There is growing evidence that sets of similar items can be represented in terms of a summary description, such as mean size (e.g., Ariely 2001; Chong & Treisman, 2005). For example, after briefly seeing a set of differently sized circles, observers are remarkably accurate at estimating the mean size of the set and often mistake a subsequent test circle with the same size as the mean set size as one of the set members (e.g., Ariely, 2001). Visual averaging has also been shown for images of human faces. When presented with sets of multiple faces differing in identity (De Fockert & Wolfenstein, 2009; Haberman & Whitney, 2009) or emotional expression (Haberman & Whitney, 2007) and asked subsequently to judge whether a single test face had been part of the previously seen set, people mistakenly choose a morphed average of all seen faces more often than they choose an actual set member.
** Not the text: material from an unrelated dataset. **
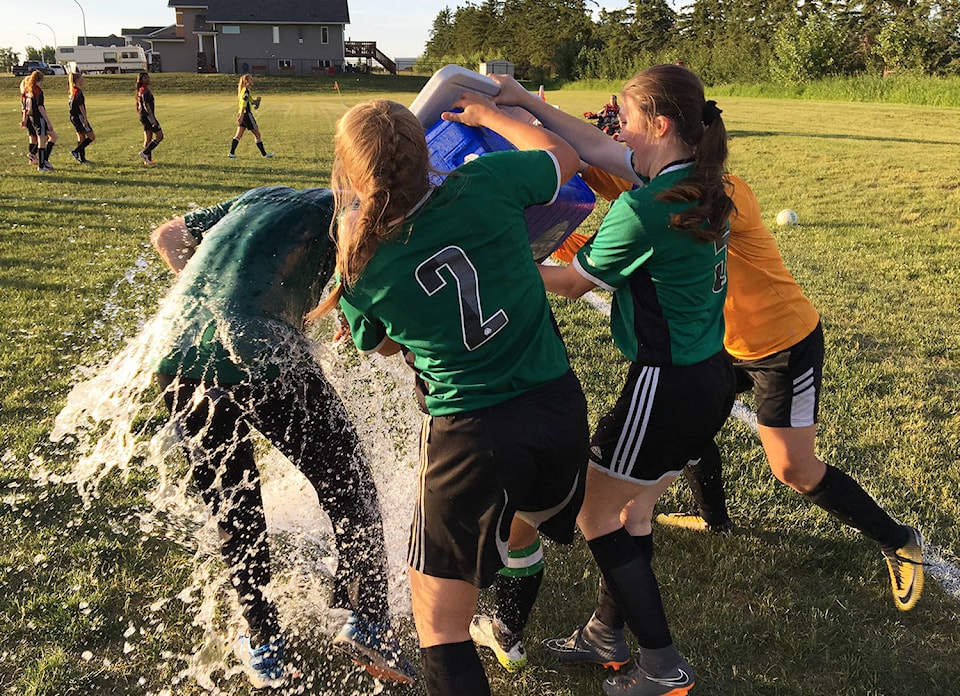 12456079_web1_180627-PON-ponoka-soccer-u17_1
The finding that items resembling the average of multiple seen items are likely to be endorsed as set members suggests that the visual system can efficiently represent large amounts of visual information by extracting certain summary statistics from sets of similar items. Further support for the notion that faces may be represented by averaging information from multiple face instances has come from the finding that face recognition is better in systems that represent multiple instances of a face in terms of a morphed average, thereby forming a stable image in which accidental variation between instances is averaged out (e.g., Jenkins & Burton, 2008, 2011).
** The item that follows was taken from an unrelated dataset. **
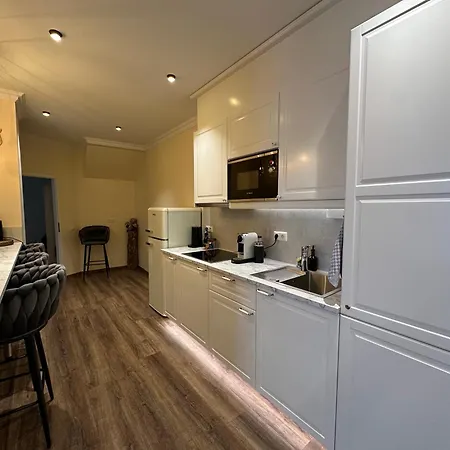 Haus Der Weine Apartamento *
Since performance on face recognition tasks tends to differ between the sexes (Cross, Cross, & Daly, 1971; Ino, Nakai, Azuma, Kimura, & Fukuyama, 2010; Lewin & Herlitz, 2002; Rehnman & Herlitz, 2006, 2007; Shaw & Skolnick, 1994, 1999; Wright & Sladden, 2003), the aim of present study was to investigate gender differences in the tendency to represent sets of faces in terms of a summary description. There is some indirect evidence to suggest that there may be gender differences in visual averaging. Females tend to process more contextual visual information, as compared with males (Barnett-Cowan, Dyde, Thompson, & Harris, 2010), who are more likely to adopt a local bias in visual processing (Phillips, Chapman, & Berry, 2004). Together with the evidence that distributed attention leads to more accurate mean estimations than does focused attention (Chong & Treisman, 2005), this implies that the more focused male processing style may be associated with a reduced tendency to process multiple items in order to extract a summary representation.

An often reported finding is that females are better than males at recognizing female faces (Cross et al., 1971; Lewin & Herlitz, 2002; Rehnman & Herlitz, 2006, 2007; Shaw & Skolnick, 1994, 1999; Wright & Sladden, 2003), whereas male observers are sometimes better at recognizing male faces than female faces (Ino et al., 2010; Shaw & Skolnick, 1994, 1999; Wright & Sladden, 2003). The own-gender advantage in face recognition is generally explained in terms of differences in interest and motivation (McKelvie, Standing, St. Jean, & Law, 1993) or perceptual expertise (Lovén, Herlitz, & Rehnman, 2011). In the present article, we investigated whether the own-gender advantage would also be evident when observers had to indicate whether a test face had been present in a previously seen set of faces, and the face could be either a true set member or a morphed average of all set members. We argued that an own-gender advantage would lead to greater correct endorsement of set members and reduced incorrect endorsement of morphed average faces, for own-gender (vs. other-gender) faces.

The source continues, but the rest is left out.